So, lets recap- you would eliminate much of our medical system? ( since it would be unable to function w/o medicare and medicaid) Or would you just permit hospitals to refuse treatment of all low-income individuals and most of the elderly? Welfare would be eliminated except for military welfare recipients and the severely disabled. Or you would eliminate the V.A., as well? The unemployed would be sweeping streets and sorting mail for nothing and eating, what exactly? Higher education would be too expensive for most people so many private colleges would close. You would advocate what? - Heavy recuitment from China and India to fill all those jobs requiring higher education? Who do you think would fund basic research? Well, I guess the U.S. could concede that core endeavor to the Chinese, as well.
Of course, gov't revenue would drop even as tax rates dropped because the middle class would be decimated and the G.D.P. would plummet. The effort to balance the budget with ever fewer $$ would create an economic death spiral until corpoartions began moving back to the U.S. for all the cheap, cheap labor.
The medical system worked prior to the implementation of Medicare in the 1960's. The problems in the medical system should not be the government's concern - those who operate medical facilities should have the ability to make their services available to the public - the old ones call this competition and contrary to the belief of many today - it works.

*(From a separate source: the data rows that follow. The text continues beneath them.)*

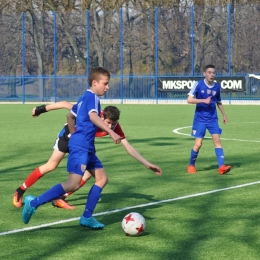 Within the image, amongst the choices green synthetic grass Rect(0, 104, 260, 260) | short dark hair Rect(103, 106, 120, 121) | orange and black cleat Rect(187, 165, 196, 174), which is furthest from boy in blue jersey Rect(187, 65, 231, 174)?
short dark hair Rect(103, 106, 120, 121)

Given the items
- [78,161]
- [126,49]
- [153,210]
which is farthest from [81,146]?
[126,49]

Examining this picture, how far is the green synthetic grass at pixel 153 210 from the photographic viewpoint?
6359mm

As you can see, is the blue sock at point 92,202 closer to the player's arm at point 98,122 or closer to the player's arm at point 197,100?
the player's arm at point 98,122

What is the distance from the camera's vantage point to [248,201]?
8906 mm

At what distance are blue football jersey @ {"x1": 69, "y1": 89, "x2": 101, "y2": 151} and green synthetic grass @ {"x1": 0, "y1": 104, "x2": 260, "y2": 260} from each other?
2.85ft

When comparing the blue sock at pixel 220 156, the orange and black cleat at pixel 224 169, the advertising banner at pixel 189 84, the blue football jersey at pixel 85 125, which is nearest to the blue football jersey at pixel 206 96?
the blue sock at pixel 220 156

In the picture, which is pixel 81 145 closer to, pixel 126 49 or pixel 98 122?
pixel 98 122

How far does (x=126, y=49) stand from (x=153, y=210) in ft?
117

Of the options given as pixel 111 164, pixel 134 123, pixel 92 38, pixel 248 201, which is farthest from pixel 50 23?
pixel 248 201

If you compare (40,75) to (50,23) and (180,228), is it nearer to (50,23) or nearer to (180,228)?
(50,23)

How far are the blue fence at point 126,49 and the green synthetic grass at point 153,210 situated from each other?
79.3 ft

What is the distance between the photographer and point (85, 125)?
7.11m

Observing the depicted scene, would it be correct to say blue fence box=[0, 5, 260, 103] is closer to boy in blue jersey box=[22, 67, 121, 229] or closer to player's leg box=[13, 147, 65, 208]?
player's leg box=[13, 147, 65, 208]

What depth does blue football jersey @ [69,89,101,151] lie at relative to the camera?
707 cm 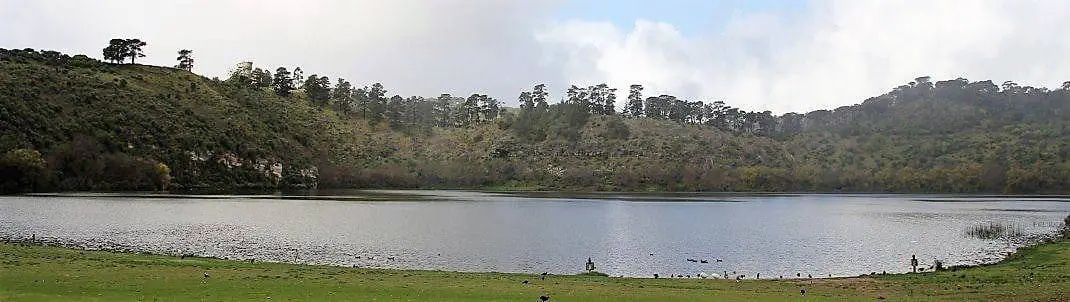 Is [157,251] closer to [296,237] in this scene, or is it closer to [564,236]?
[296,237]

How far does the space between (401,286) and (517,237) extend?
34.4 meters

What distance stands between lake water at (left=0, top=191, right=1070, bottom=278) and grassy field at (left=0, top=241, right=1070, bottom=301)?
9.31 m

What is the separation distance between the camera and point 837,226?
79250 mm

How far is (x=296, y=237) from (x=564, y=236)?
66.5ft

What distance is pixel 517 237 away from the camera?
60.7 m

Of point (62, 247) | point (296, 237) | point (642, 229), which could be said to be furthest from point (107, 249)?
point (642, 229)

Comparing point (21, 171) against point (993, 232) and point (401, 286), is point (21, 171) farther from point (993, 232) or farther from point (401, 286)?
point (993, 232)

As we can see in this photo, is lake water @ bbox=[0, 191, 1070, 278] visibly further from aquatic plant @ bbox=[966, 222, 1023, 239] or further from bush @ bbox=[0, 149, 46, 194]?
bush @ bbox=[0, 149, 46, 194]

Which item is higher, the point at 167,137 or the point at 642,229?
the point at 167,137

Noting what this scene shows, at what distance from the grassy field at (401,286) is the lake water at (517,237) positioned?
30.6 feet

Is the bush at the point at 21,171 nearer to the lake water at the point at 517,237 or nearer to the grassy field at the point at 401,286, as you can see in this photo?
the lake water at the point at 517,237

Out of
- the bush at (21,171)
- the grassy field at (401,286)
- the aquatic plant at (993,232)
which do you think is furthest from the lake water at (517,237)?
the bush at (21,171)

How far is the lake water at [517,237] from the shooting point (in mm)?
45625

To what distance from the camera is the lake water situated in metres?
45.6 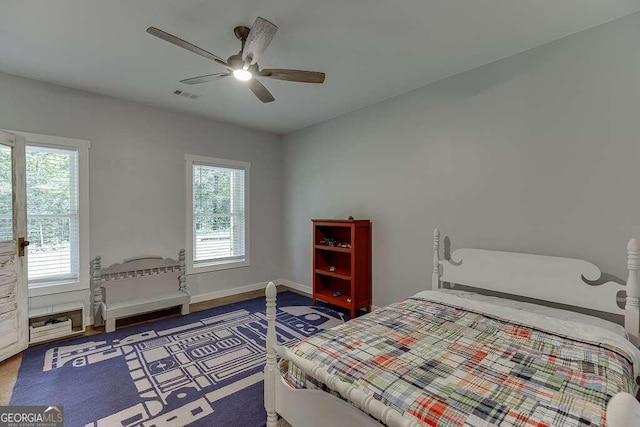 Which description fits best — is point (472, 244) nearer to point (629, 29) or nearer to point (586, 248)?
point (586, 248)

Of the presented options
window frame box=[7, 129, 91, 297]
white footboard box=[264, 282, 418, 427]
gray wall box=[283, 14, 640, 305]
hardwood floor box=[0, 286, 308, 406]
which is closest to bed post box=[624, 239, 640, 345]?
gray wall box=[283, 14, 640, 305]

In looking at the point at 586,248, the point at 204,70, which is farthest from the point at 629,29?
the point at 204,70

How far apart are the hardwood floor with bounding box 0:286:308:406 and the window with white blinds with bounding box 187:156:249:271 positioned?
20.3 inches

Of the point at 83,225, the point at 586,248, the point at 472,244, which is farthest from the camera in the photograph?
the point at 83,225

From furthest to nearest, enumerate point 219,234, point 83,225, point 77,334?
point 219,234 → point 83,225 → point 77,334

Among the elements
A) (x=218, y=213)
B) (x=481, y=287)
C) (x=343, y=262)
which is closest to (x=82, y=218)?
(x=218, y=213)

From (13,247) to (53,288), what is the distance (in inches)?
26.5

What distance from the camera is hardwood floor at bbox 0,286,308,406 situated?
2.29 m

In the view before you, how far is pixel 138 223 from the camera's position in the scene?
3865mm

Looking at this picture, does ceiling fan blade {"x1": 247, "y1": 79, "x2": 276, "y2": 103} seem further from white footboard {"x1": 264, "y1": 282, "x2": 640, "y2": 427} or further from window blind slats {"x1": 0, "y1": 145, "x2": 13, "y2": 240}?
window blind slats {"x1": 0, "y1": 145, "x2": 13, "y2": 240}

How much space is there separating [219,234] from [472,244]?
357 centimetres

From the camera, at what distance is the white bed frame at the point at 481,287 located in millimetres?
1171

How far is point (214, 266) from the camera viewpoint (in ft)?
14.9

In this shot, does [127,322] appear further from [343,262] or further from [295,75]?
[295,75] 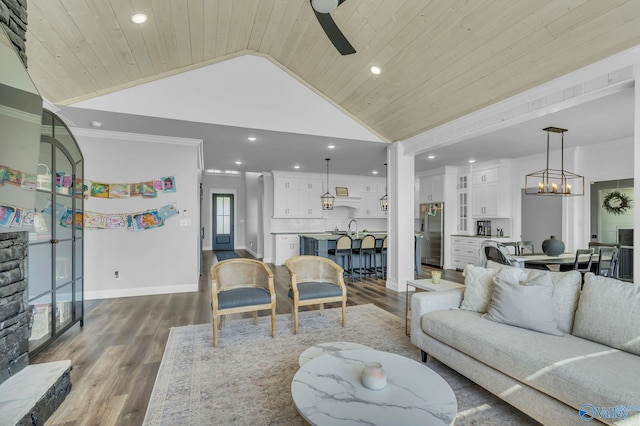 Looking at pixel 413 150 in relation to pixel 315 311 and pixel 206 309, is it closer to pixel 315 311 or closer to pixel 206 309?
pixel 315 311

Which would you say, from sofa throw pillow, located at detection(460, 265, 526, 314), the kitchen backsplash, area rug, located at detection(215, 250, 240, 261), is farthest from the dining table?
area rug, located at detection(215, 250, 240, 261)

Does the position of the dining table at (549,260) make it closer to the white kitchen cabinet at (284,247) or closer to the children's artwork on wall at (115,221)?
the white kitchen cabinet at (284,247)

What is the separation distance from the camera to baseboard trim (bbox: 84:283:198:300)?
4766mm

The government should fund care for veterans - but that can be done by providing insurance benefits (CHAMPUS) that veterans can use in the private sector. The government cannot operate a classroom with 15 five year olds in it - do you really think they effectively operate hospitals for veterans. (In case you haven't dealt with the VA, they don't do such a great job.)
Education is a commodity, just like clothing, food and shelter. Minus the Department of Education, private enterprise schools would compete for the education dollars being spent. This competition would create a better educational product, and because the privately operated schools would not be competing with "free" (and yes, many people consider public education to be free) education, the price would stabilize at a level the market would bear.
The push for more people to attend college hasn't generated a lot of improvement in the capabilities of our labor market. Higher education may not be for everyone - and wasting tax dollars to pay for college for a person to have the college experience isn't how I want my money spent. Let them fund their own four year frat party.
Prior to the creation of the Department of Education, people got educated, had the ability to formulate and implement ideas and the country was economically successful. Since the Department of Education, every child pushed through the system has been part of one experiment or another with no improvement in teaching them how to learn, how to think logically, how to solve problems etc. We are to a point that if a person is working in a job, and a customer asks a question of an employee that isn't scripted in their job procedures - all the customer gets is a dumb look. I don't know about the rest of you, but I got far fewer dumb looks prior to the federal takeover of education.
Research should be the risk of private entities. If the research results in a viable marketable product - the gains from the research should be the reward of the private entity.
Government revenue would most definitely drop under my suggestions - the government wouldn't need more revenue and the people who earned the money could spend it themselves. And if the people spent more of what they made - it would create a demand for more products - which would create a demand for more workers........hopefully you get the picture.
I personally want manufacturing and production to return to the U.S. I prefer that they not come back for the "cheap, cheap labor", but that trade policies tax imports enough to allow an American made cell phone to compete fairly with a Chinese made cell phone.
I'd buy the American, even if the price was marginally higher - just to support the U.S. laborer.